| DATA SUPPLIED |
------------------------------------------------------------

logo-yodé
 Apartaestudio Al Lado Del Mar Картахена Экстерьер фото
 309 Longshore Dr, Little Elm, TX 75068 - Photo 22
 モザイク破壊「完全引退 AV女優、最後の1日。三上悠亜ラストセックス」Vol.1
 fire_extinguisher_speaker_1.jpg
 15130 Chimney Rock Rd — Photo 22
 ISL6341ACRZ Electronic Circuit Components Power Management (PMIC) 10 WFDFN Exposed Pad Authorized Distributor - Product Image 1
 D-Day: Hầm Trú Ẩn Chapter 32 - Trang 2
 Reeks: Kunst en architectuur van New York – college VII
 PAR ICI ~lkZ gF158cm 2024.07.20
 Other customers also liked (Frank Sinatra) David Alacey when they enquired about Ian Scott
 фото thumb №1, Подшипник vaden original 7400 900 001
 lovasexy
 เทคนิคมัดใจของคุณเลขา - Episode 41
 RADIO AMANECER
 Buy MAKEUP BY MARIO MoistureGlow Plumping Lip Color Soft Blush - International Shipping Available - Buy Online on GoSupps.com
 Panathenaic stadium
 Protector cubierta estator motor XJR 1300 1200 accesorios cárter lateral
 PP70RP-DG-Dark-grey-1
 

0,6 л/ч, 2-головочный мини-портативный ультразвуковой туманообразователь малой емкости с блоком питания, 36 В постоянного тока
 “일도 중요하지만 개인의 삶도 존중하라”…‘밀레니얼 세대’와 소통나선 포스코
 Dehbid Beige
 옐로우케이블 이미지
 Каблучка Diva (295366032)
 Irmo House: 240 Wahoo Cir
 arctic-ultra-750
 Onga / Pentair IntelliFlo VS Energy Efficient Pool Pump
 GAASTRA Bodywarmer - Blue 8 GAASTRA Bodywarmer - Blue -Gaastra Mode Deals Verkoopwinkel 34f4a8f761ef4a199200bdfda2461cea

------------------------------------------------------------

| TASK TO CARRY OUT |
Write down exactly the span of lines above from the one containing "RADIO AMANECER" to the one containing "Protector cubierta estator", both ends included.

| WRITTEN ANSWER |
 RADIO AMANECER
 Buy MAKEUP BY MARIO MoistureGlow Plumping Lip Color Soft Blush - International Shipping Available - Buy Online on GoSupps.com
 Panathenaic stadium
 Protector cubierta estator motor XJR 1300 1200 accesorios cárter lateral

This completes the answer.